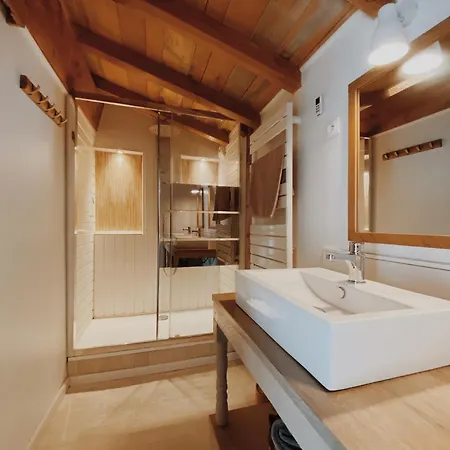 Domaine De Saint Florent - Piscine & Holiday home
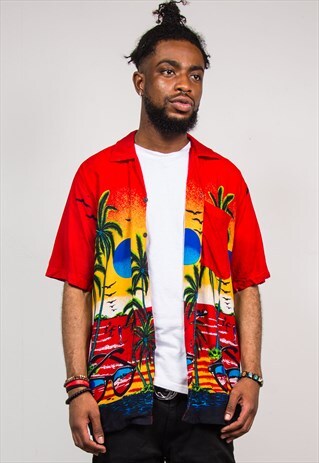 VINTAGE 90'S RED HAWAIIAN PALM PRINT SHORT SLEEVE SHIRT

---

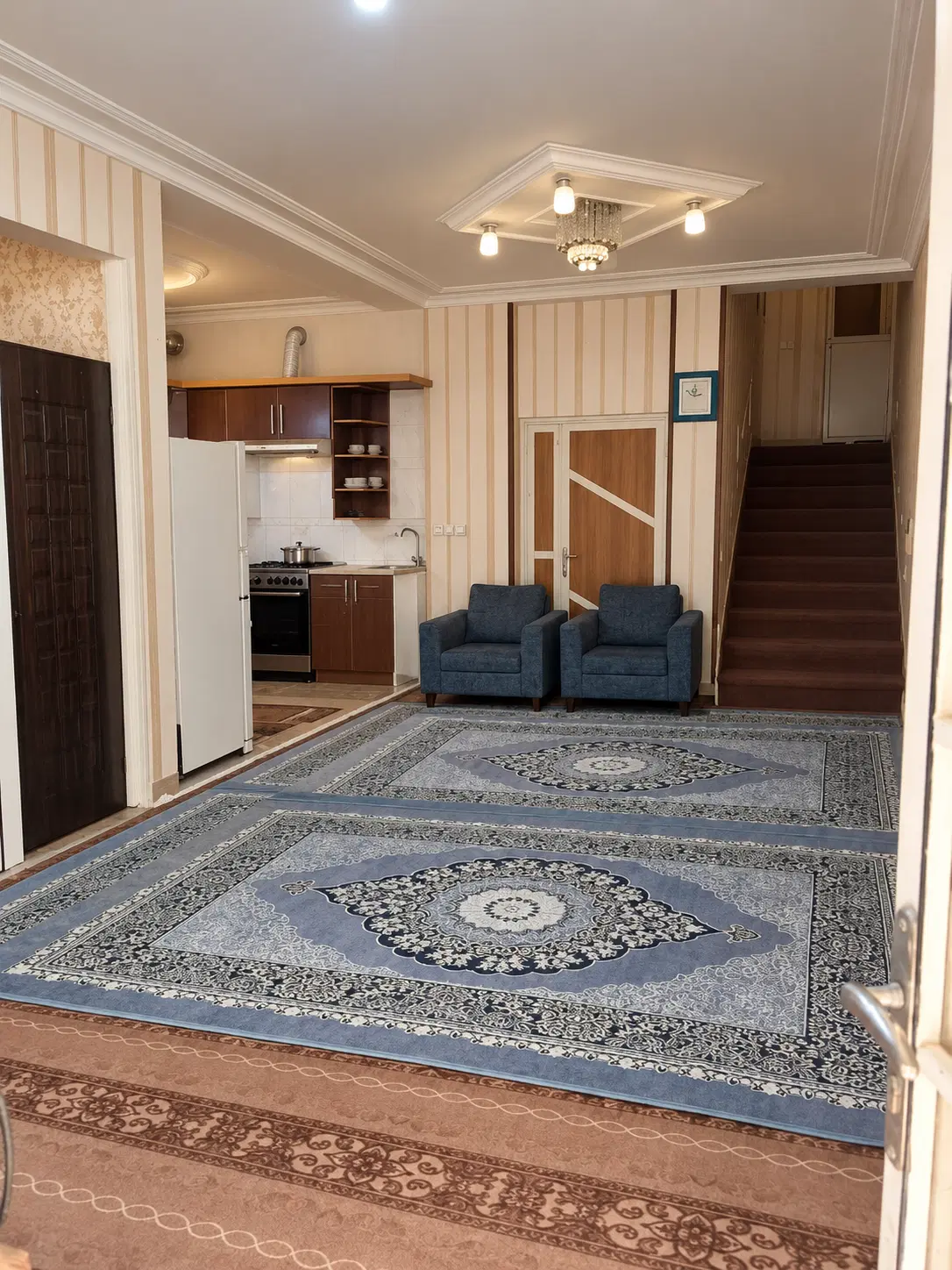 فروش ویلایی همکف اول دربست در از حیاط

---

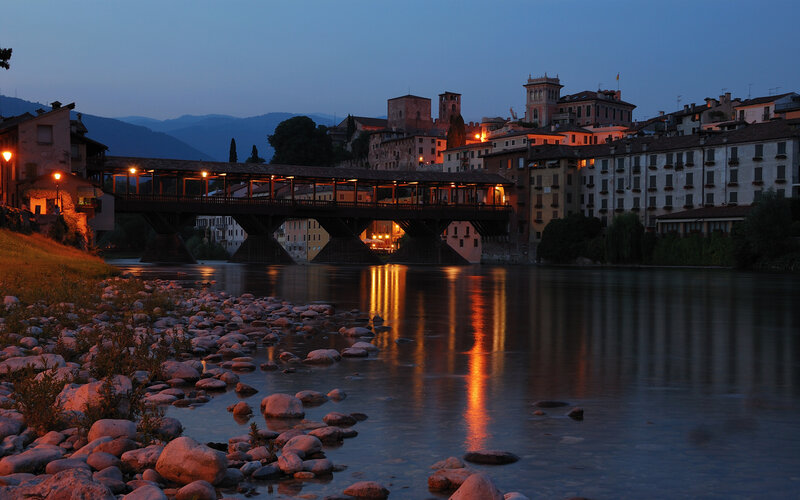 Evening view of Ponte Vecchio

---

■ Brief ■
Extract the part of the records that opens with the line containing "Domaine De Saint" and closes with the line containing "VINTAGE 90'S RED". Take only those lines, exactly, and no pictures.

■ Exercise response ■
 Domaine De Saint Florent - Piscine & Holiday home
 VINTAGE 90'S RED HAWAIIAN PALM PRINT SHORT SLEEVE SHIRT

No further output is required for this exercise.